◆ **Task item**
Write out the data word for word, taking care that no picture is carried over.

◆ **Recorded information**

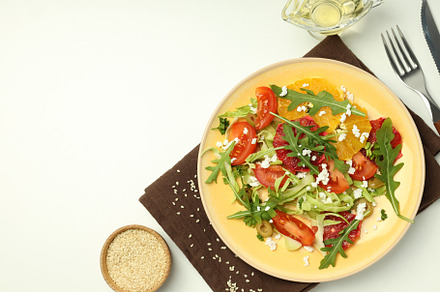 Concept of tasty food, salad with red orange, space for text, a Food & Drink Photo by AtlasStudio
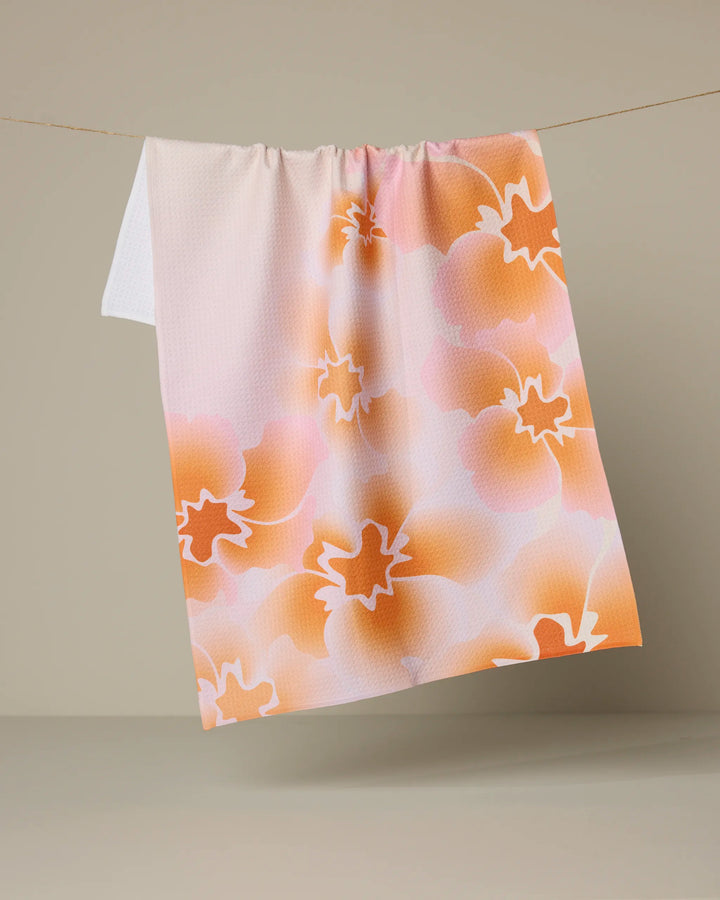 The Geometry Nicole tea towel features a pastel floral design in orange, pink, and white, and is displayed hanging against a neutral beige background.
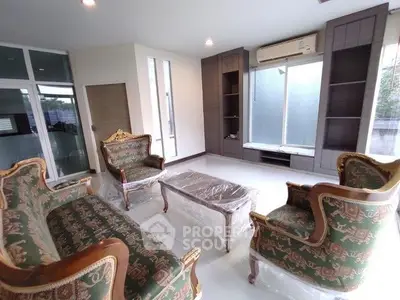 Elegant living room with classic furniture and air conditioning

◆ **Result of this task**
 Concept of tasty food, salad with red orange, space for text, a Food & Drink Photo by AtlasStudio
 The Geometry Nicole tea towel features a pastel floral design in orange, pink, and white, and is displayed hanging against a neutral beige background.
 Elegant living room with classic furniture and air conditioning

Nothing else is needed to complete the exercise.